BUTCHER: You know, in a lot of ways I sort of wish that after that event that I would've kind of written him off, which is what a lot of people did, and understandably so. And so I wrote him initially 12 hours after his arrest. I wrote him and I said, I trust that you're not a monster and I don't know what happened and I don't know that you know what happened, but I am going to be here and I am going to be here for you in whatever capacity you sort of need. And I saw that as companionship. Our letters - initially, he would ask for pictures of us from college. He would want, you know, this particular picture of us all drinking from these drinks with these paper umbrellas. So I'm pulling them from Facebook, cutting them out and mailing to this, you know, county prison and then later this maximum-security prison, trying to remind him and reassert that life was once normal. But over time, I began to realize that this isn't healthy. That in a lot of ways, I've become obsessed with trying to figure this out such to the point that I'm kind of traumatizing myself trying to understand what exactly happened that night, seeking out for example, you know, evidence. I wanted to understand as concretely as I could because I wasn't getting from Kevin any sort of answers. And so over time it became sort of - I just hoped desperately that he would tell me something that would help me make sense of what had happened.

MARTIN: And in the end, you write in the book that Kevin was motivated that night by a desire to take his own life and that's what precipitated the murder of his girlfriend.

BUTCHER: Yeah.
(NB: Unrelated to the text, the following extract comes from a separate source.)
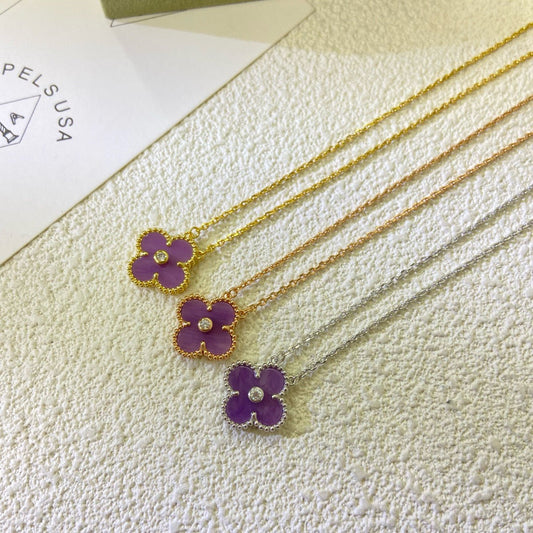 Mystic CLOVER 15MM DIAMOND  PURPLE VIOLET NECKLACE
And that was something that didn't reveal itself until 18 months after he was arrested. You know, initially the murder itself was incredibly graphic, it was brutal. The news stories ran this number - 27 times that he had stabbed Emily Silverstein. And that's a number that, I think, above all implies aggression and intention. And I really struggled with that. We all struggled with that. And so it wasn't until almost two years after this incident that I read - I acquired and read these public documents that after the sentencing were made available, and I learned that he had tried to take his own life. This was something that he claimed immediately after being arrested. And then there were three mental health experts who interviewed Kevin extensively. And all three attested to the fact that they had absolute faith that Kevin had never meant to hurt Emily, that in other words, he raised a knife to his neck. Emily had come over because she was concerned about him. She worried he had threatened to take his own life. And when she intervened physically, trying to remove the knife from his hand, he turned his attention to her.

MARTIN: Are you still in touch with him?

BUTCHER: I'm not. You know, it's a very strange thing. I began this book with his support. The one rule that he had was not to contact her family and not to contact his family. But over time as I begin write this book and I began to realize sort of the depth of my own obsession about this night, I felt a necessity to reach out to these people. It was never sort of this exploitative thing. I just simply wanted to write about this event and try to make sense of it. And so I reached out to both parents and both declined to be a part of the book. But when I told Kevin that, he very abruptly ended communication with me and I have not talked to him since. And that's a very strange thing because it's a book about why I wanted to be in touch with him, and by the end I'm not. That's something that I never could've foreseen.

MARTIN: The book is called "Visiting Hours: A Memoir Of Friendship And Murder." It's written by Amy Butcher. She joined us from the studios of WOSU in Columbus, Ohio.

Amy, thanks so much for talking with us.